__Task to carry out__. Repeat, word for word, all the data that follows, and exclude the pictures.

━━━━━ Data ━━━━━

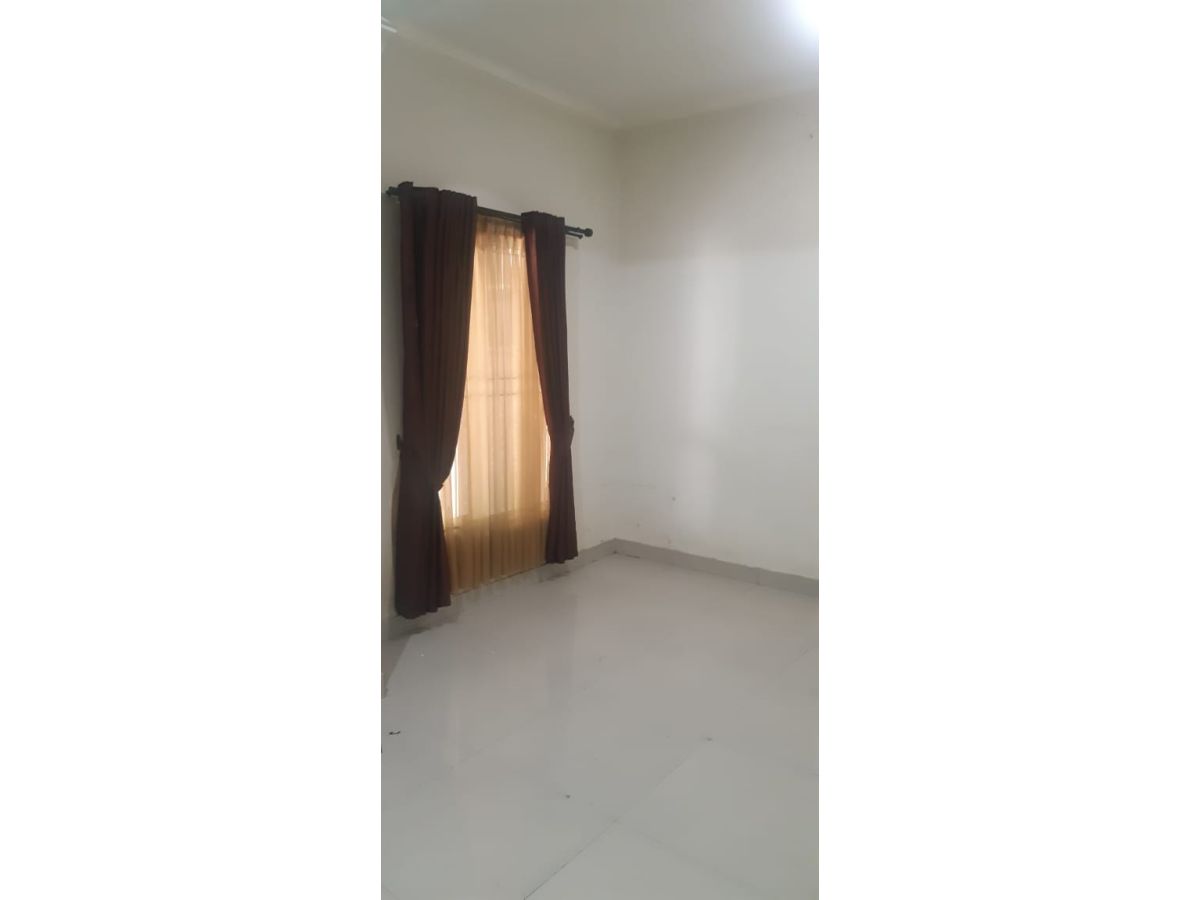 Disewakan Rumah Minimalis di Komplek Pulo Permata Sari, Bekasi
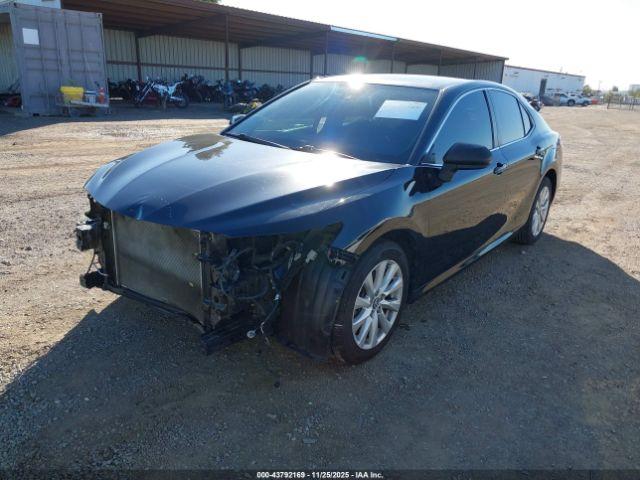 Toyota Camry Le Image 15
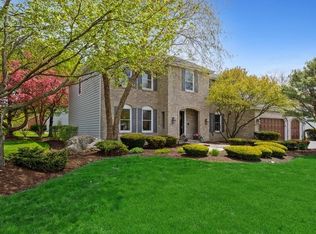 960 Eddystone Cir, Naperville, IL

━━━━━

__Output below__.
 Disewakan Rumah Minimalis di Komplek Pulo Permata Sari, Bekasi
 Toyota Camry Le Image 15
 960 Eddystone Cir, Naperville, IL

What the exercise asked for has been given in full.